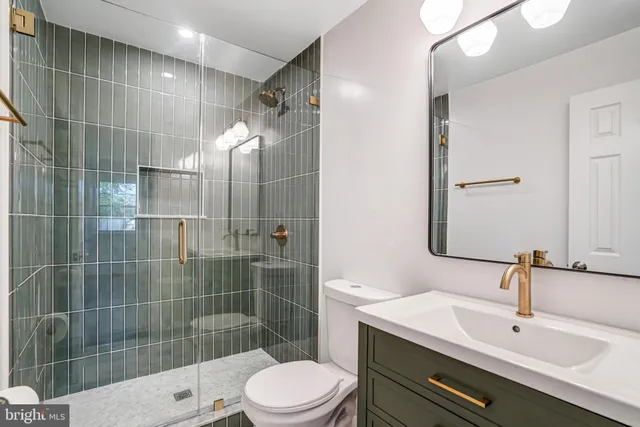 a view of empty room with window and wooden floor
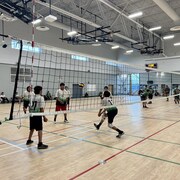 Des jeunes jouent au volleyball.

───

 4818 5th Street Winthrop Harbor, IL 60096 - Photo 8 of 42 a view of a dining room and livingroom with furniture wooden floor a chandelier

───

What the task asks: With the pictures omitted, copy the entries above exactly from the line containing "a view of empty" through the line containing "Des jeunes jouent au volleyball.", both lines included.

Response to the exercise:
 a view of empty room with window and wooden floor
 Des jeunes jouent au volleyball.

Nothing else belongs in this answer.